Born 1939, Japan
Takuro Kamata (1939-) is an artist who worked primarily in traditional Japanese methods of textile design and woodblock prints. Originally from Miyagi prefecture in Japan, Kamata studied economics and got a job in the insurance business. At this time, he also pursued his interest in arts and crafts, and eventually studied woodcut printmaking under Toshi Yoshida. Some of his work was displayed as part of a group show at the Tokyo Museum of Fine Arts in 1969. He later studied lithography in Mexico at the Art Institute of San Miguel Allende, and at the Toledo Museum of Fine Arts in the United States.

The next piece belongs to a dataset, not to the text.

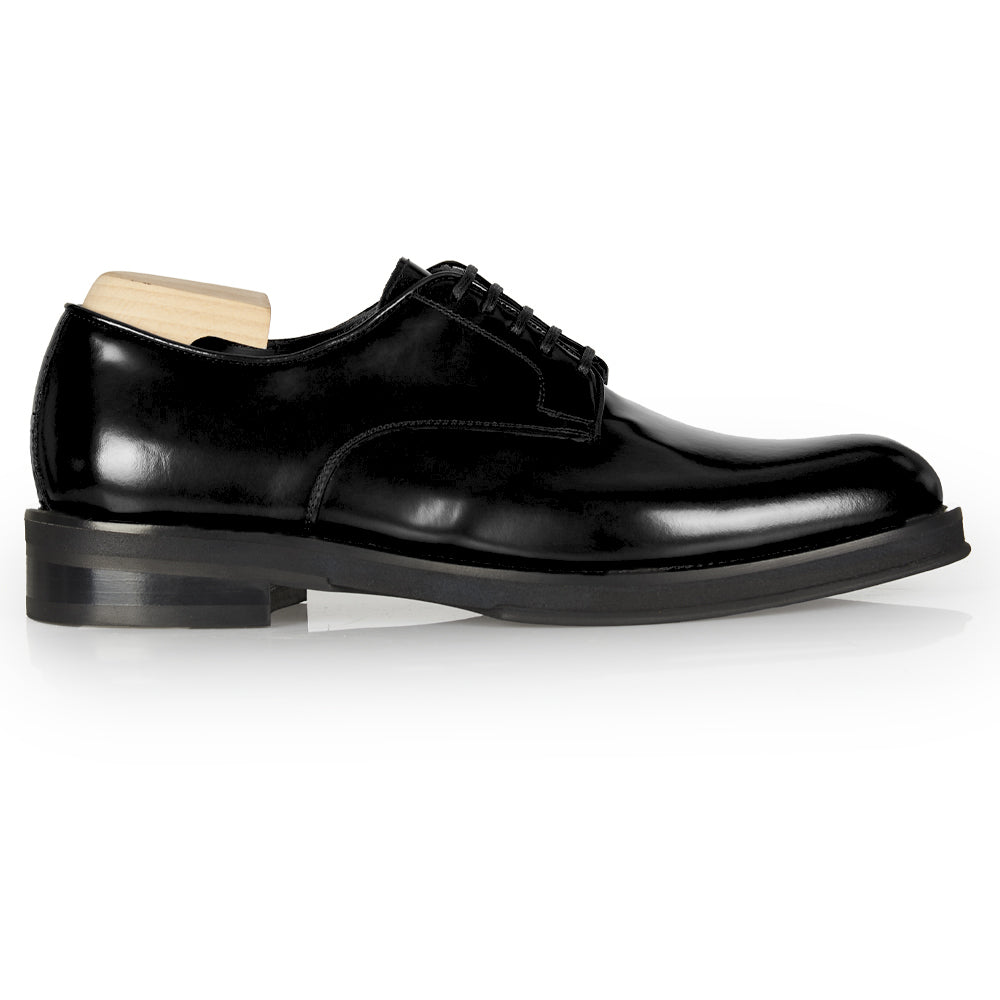 Stringate in pelle nera abrasivata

In 1970, Kamata immigrated to Canada, first settling in Montreal. It is here that he began to study the traditional Japanese method of paste-resist dying of textiles, norizome. He moved to Toronto in 1975, where he established Kamata Studio and began to focus solely on his textile work. Kamata found there was a lot of interest in Canada at the time in the traditional Japanese methods he used, which enabled him to support himself by selling his work at art festivals and craft shows, and by teaching at various art and design schools in Ontario, Quebec, and even in New Brunswick. From 1972 to 1990, Kamata exhibited his work in both woodcuts and textiles in venues primarily in Ontario, but also Quebec, Nova Scotia, and Ohio in the United States. He received several grants from the Ontario Arts Council throughout the 1980s which enabled him to go back to Japan and continue his largely self-taught study of traditional Japanese methods. He is now retired and living in Toronto.